The most important concept behind the SDRF is the investigation design graph, where nodes correspond to biomaterials (e.g., samples, RNA extracts, labeled cDNA, etc.) or data objects (e.g., raw or normalized data files), and edges showing the relationships between these objects. Attributes can be attached to nodes and to edges. The attributes are the descriptions of the biomaterial or data properties, e.g., sample descriptions attached to sample nodes, protocols attached to edges, raw data-files attached to hybridizations. The attributes can be pointers to some longer descriptions or external objects, e.g., protocols described in the IDF file.

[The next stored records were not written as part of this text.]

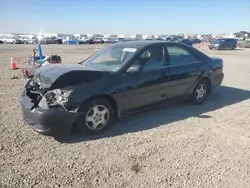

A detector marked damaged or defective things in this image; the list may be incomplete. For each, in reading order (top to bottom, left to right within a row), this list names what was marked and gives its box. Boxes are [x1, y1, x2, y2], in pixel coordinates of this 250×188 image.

crumpled hood [33, 63, 107, 89]
broken headlight [38, 89, 72, 109]
damaged front bumper [20, 88, 79, 137]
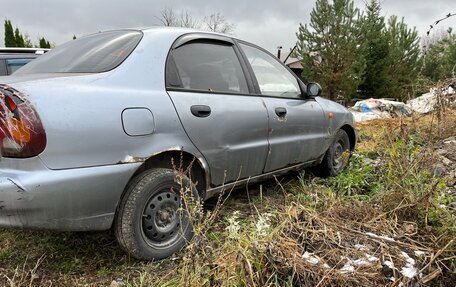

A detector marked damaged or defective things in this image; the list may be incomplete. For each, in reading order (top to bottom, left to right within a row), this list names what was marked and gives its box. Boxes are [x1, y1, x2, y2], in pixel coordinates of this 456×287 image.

dented rear bumper [0, 158, 139, 232]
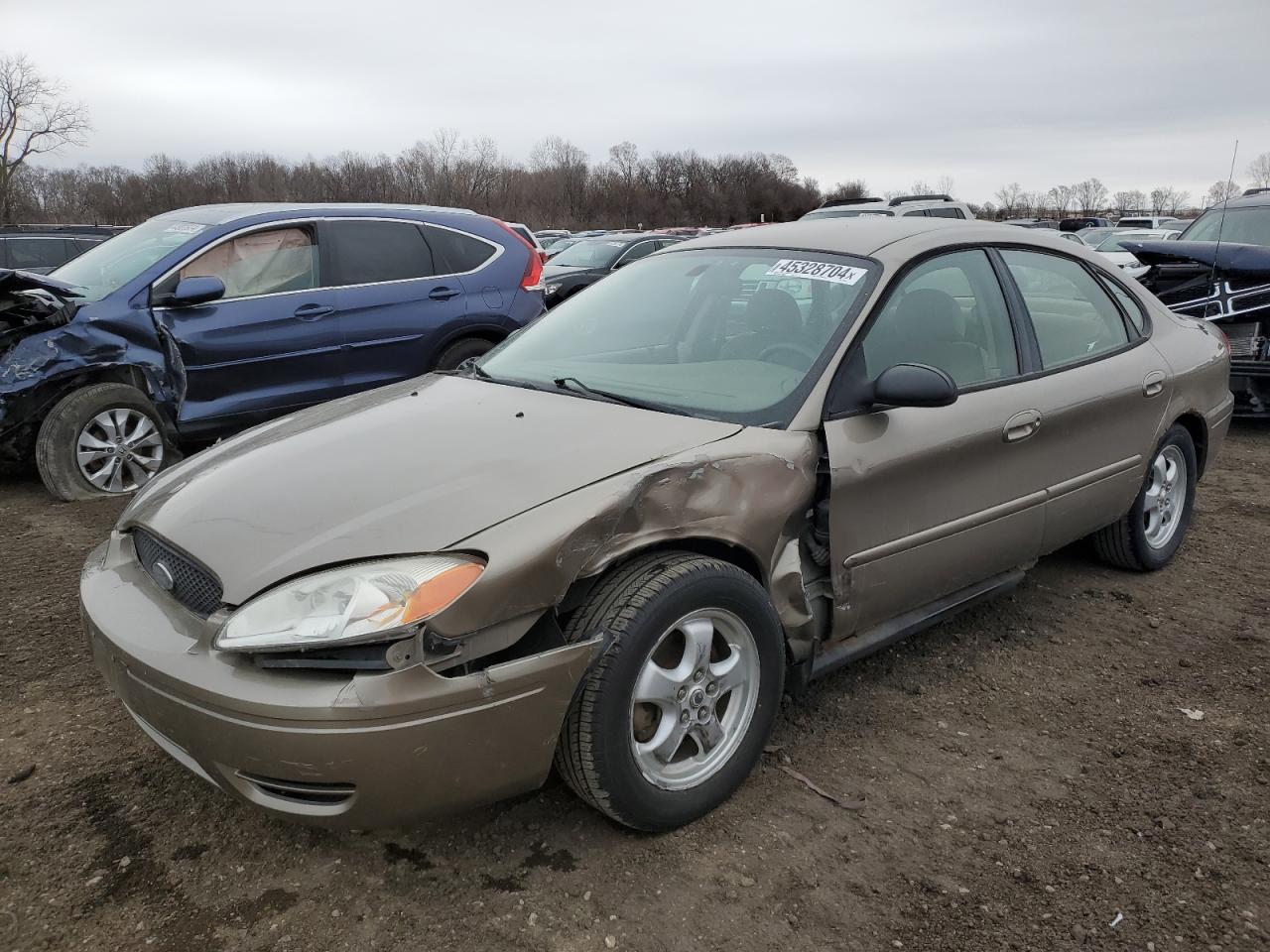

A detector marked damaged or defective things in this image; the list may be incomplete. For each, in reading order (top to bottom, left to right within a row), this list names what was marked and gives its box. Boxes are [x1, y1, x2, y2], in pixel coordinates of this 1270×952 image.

damaged blue car [0, 201, 541, 500]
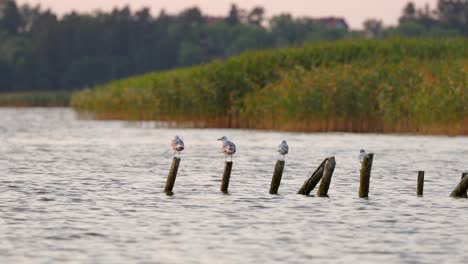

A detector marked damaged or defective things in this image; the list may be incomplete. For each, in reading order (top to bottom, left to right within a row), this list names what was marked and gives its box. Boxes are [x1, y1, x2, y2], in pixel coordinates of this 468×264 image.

broken wooden post [164, 158, 180, 195]
broken wooden post [270, 159, 286, 194]
broken wooden post [298, 158, 328, 195]
broken wooden post [316, 156, 334, 197]
broken wooden post [452, 173, 468, 198]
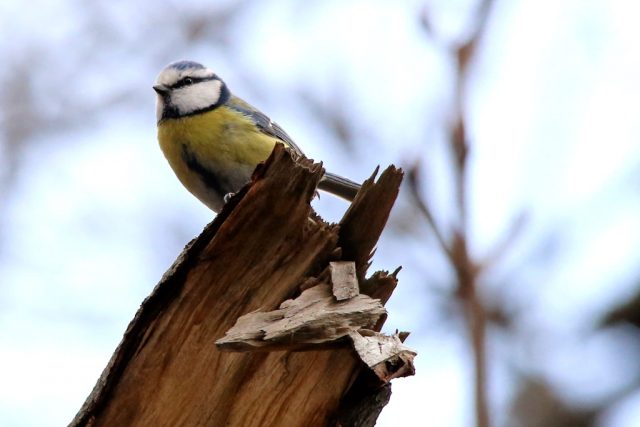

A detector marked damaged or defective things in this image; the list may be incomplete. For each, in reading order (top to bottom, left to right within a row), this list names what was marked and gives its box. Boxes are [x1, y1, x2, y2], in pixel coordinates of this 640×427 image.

splintered wood [71, 145, 416, 427]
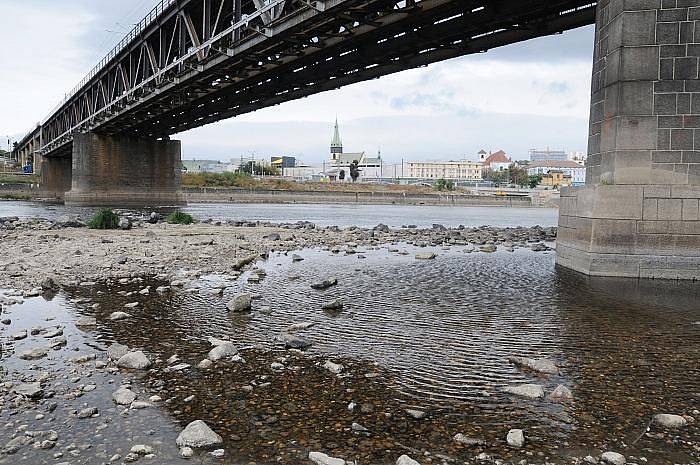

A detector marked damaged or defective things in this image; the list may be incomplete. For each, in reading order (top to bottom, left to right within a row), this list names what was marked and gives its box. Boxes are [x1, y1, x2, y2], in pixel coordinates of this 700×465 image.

rusty steel truss [20, 0, 596, 158]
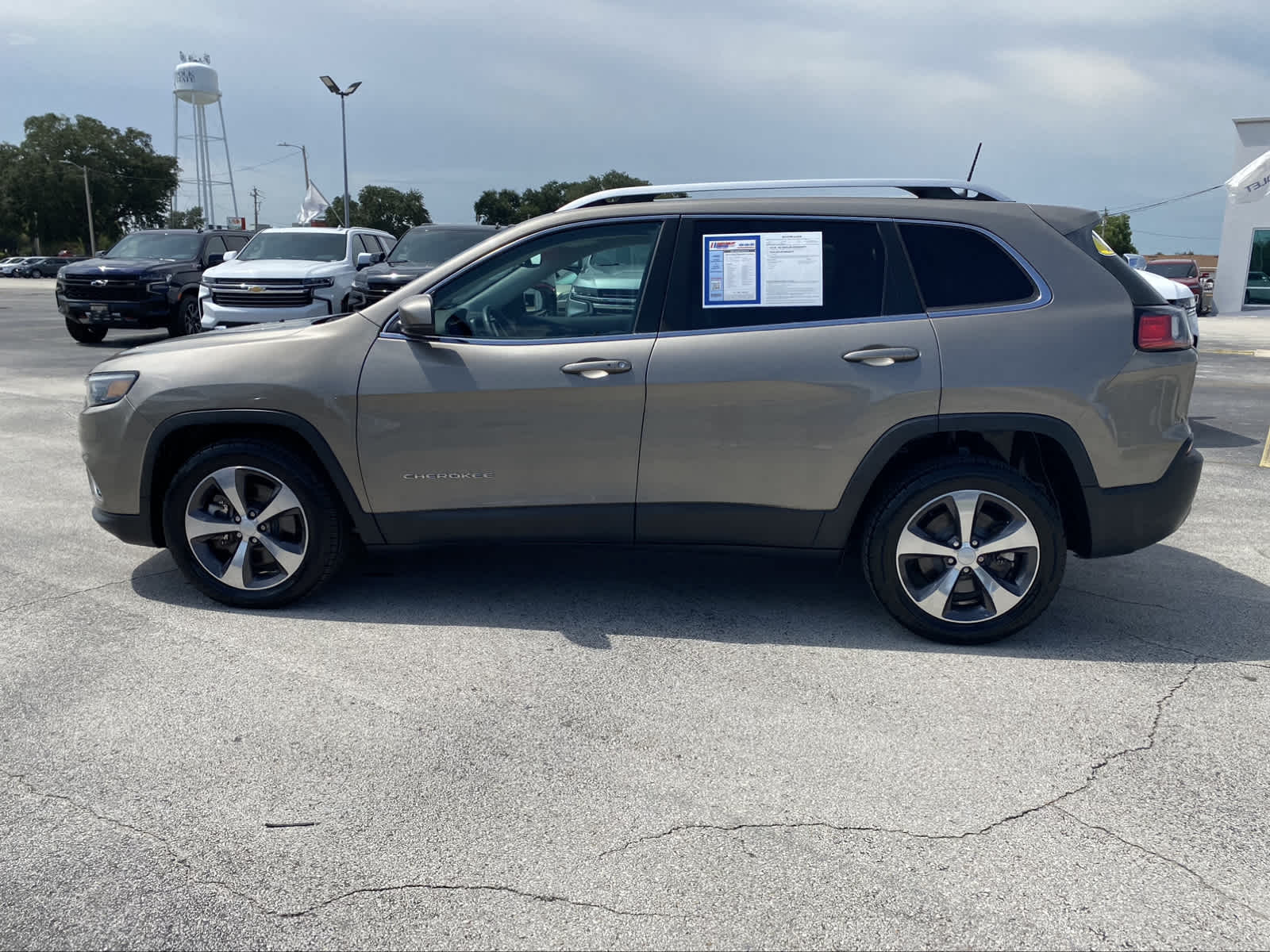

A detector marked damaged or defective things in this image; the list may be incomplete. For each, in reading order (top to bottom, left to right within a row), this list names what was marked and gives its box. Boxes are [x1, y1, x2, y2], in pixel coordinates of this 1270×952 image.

The SDRF file consists of a table in which each hybridization channel is represented by a row, and columns represent the steps of the experiment. The ordering of these columns is important, and should read left-to-right in chronological order. The overall organization of this table is shown below.
Each block in the diagram above starts with a "Name" or "File" column (e.g. "Extract Name", "Array Data File"), followed by a set of attribute columns. Each block is separated from its predecessor by "Protocol REF" columns containing references to the "Protocol Name" values defined in the IDF.
A further set of columns is used to specify the values for the variables ("experimental factors") within the experiment. These Factor Value columns reference the Experimental Factor Names defined in the IDF, and should be placed after the hybridization section (i.e., to the right of it, in or after the scanning, normalization and data section in the image above). The contents of these columns will usually duplicate those in a material Characteristics or a protocol Parameter Value column.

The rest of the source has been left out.